Government has the right to set broad policy and objectives that reflect both their desires and the ever-changing expectations of society related to BC’s forest-management. There is also a balance to be struck that ensures the livelihood of BC forest workers and resource communities. That’s how our democratic system works, and we should all be glad we live in such a country. However, government also has a duty to engage and consult with those being significantly impacted by their decision-making.
In the final days of the fall legislative session, the BC government cut off debate and rammed through legislation that contains sweeping changes to the forestry sector, giving Cabinet the authority to change or end timber licences, determine what compensation may be paid to forest companies, and redistribute Crown logging rights to community and Indigenous land title holders.
For many months, the Truck Loggers Association and others in the forest sector have repeatedly expressed our desire to work with the Premier and Forests Minister so decision-making would be informed with a true understanding of the issues and the consequences – and to ensure success in implementing their new directions.
There is a magnitude of options and transitions available to address issues in the forestry sector that are better than the apparent yes or no path government has embarked upon.

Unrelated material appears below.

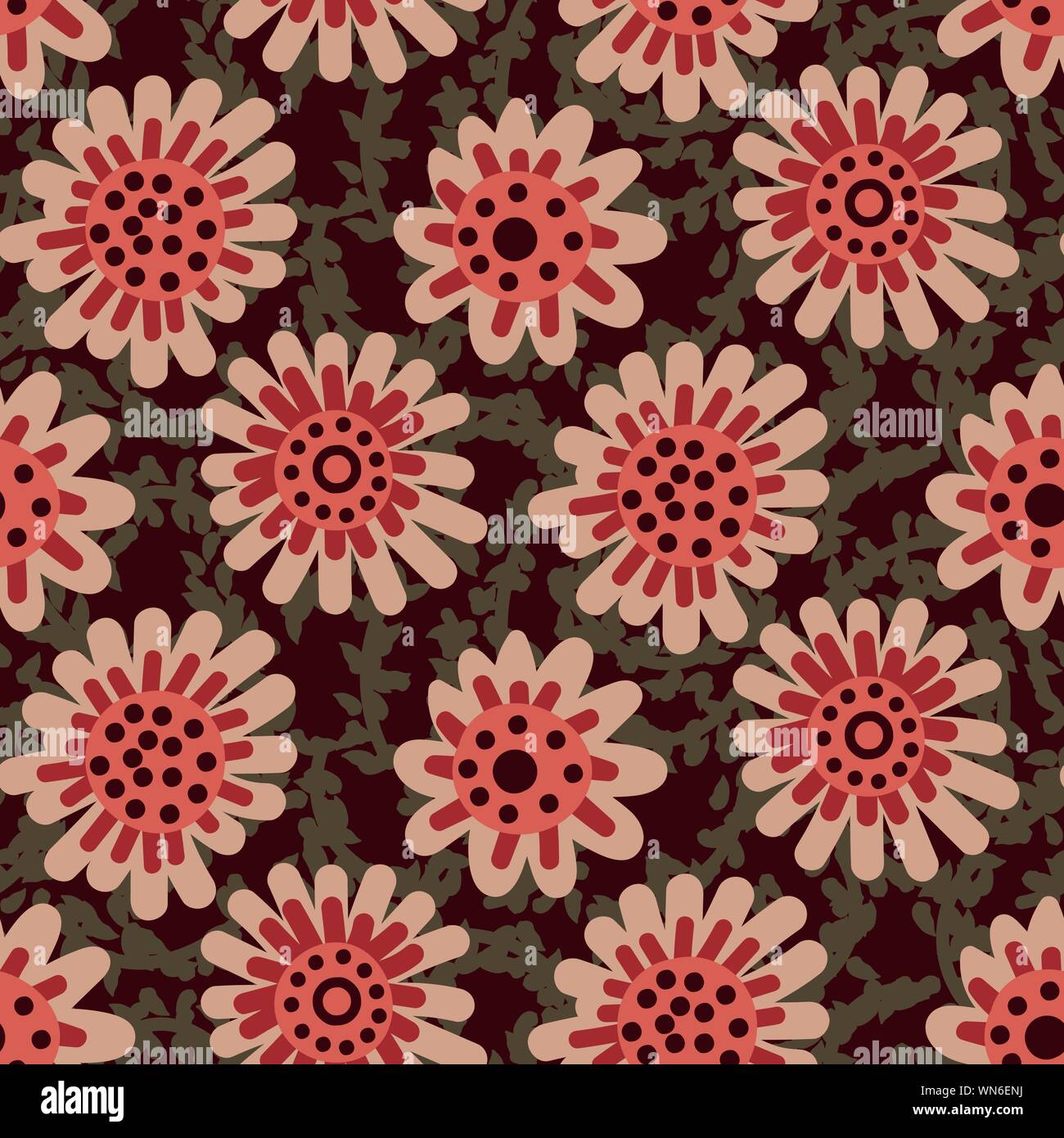 seamless vector pattern with simple round flowers in red and brown Stock Vector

Government has yet to attach any meaningful social and economic considerations to their so-called modernization of forest policy in BC. Instead, there appears to be an absolute capitulation to special interest groups.
The truth is our forests continue to offer an opportunity for BC to provide the solutions we all seek for tackling climate change, by meeting the highest environmental standards with the highest proportion of independently certified forests in the world – while also harvesting trees before they turn into carbon emitters and locking carbon into wood products and wood buildings where they provide an ongoing climate change solution. Our products truly are the right decision for those caring about sustainability and the environment.
Government is foregoing such opportunities for our people and communities and instead has set in motion an unprecedented level of uncertainty and concern that is already having a significant impact on those whose livelihoods are at stake without any information about what is next in terms of transition strategies, fair compensation, or worker programs.
Just days ago, Minister Conroy suggested that the government wants to work with us on moving the sector forward. Well, we’re waiting – and so too are the communities and families who will be a key factor in achieving success.